Which Australian health funds cover orthotics?
There are several Australian health funds that cover orthotics, including Medibank, HCF , Bupa and more.
Can I visit a physiotherapist for podiatry and orthotics?
While physiotherapists specialise in treating musculoskeletal conditions, including those related to the lower limbs, they may not have the specific expertise in podiatry and orthotics. It's best to consult with a podiatrist who can provide specialised care for foot-related issues. If you need physio cover, head here.
What is a biomechanical assessment in podiatry and orthotics?

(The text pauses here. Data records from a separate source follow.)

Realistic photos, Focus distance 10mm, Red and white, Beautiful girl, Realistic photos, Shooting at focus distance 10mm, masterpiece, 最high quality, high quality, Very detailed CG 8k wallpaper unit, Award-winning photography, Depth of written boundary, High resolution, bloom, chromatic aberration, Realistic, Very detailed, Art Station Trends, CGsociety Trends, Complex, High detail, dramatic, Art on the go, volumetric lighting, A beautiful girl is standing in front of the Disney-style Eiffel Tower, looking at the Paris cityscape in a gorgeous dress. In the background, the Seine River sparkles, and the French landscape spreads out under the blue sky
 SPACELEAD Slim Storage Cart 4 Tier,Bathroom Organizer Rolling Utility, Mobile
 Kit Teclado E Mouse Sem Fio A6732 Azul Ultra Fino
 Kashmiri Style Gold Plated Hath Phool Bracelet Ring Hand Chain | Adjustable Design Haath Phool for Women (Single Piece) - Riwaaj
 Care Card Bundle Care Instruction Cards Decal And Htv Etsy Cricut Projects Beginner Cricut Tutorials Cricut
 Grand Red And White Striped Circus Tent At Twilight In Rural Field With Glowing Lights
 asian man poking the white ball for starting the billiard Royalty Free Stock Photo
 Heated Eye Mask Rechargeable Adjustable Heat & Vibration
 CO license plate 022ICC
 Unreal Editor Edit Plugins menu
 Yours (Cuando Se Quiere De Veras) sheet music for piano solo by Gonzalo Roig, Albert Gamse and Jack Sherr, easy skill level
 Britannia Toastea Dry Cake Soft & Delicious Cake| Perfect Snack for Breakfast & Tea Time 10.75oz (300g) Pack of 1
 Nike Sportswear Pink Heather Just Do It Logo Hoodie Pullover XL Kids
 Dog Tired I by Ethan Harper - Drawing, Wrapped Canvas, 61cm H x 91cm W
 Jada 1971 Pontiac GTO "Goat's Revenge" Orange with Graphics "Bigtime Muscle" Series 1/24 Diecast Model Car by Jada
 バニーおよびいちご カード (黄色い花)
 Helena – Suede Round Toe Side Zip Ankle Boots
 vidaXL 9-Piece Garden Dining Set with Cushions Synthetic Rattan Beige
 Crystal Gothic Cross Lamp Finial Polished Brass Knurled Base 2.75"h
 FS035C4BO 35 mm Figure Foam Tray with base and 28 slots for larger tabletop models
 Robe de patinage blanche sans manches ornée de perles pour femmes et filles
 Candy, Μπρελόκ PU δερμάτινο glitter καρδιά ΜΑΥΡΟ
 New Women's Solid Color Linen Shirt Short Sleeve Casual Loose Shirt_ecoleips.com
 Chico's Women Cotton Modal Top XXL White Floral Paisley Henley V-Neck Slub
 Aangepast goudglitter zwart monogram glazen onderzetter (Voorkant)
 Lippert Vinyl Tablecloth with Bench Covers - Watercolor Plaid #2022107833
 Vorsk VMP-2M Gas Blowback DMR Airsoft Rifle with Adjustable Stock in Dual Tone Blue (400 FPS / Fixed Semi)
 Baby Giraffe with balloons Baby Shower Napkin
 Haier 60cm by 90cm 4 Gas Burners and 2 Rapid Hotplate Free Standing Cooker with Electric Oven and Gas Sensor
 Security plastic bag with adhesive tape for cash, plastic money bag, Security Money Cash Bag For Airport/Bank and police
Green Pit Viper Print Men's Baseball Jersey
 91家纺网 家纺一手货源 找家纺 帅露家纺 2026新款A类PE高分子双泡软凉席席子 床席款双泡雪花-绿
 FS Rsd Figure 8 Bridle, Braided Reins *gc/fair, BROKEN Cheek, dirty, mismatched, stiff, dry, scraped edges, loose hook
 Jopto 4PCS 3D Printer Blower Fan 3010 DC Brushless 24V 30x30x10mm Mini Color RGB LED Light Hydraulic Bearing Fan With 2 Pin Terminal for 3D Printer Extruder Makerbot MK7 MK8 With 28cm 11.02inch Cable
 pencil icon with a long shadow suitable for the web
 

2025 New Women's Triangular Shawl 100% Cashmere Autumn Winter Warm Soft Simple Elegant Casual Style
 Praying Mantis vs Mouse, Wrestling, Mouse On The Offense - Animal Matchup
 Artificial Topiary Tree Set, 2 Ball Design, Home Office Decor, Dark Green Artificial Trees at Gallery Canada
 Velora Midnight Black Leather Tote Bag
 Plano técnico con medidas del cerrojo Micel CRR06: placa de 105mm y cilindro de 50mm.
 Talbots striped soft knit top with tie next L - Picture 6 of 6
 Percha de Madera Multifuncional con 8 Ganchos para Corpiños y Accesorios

A biomechanical assessment is a comprehensive evaluation of the structure, alignment, and movement patterns of the lower limbs and feet. Podiatrists perform this assessment to identify any biomechanical abnormalities that may contribute to foot pain or dysfunction. It helps in determining the need for orthotic devices or other treatment options.
Are custom orthotics covered by health insurance?
Health insurance policies often provide coverage for custom-made orthotics inserts, which are specially designed and manufactured to address specific foot conditions. However, the extent of coverage may vary depending on your policy and the level of cover you have. It's advisable to review your policy details or contact your health fund to understand the coverage for custom orthotics.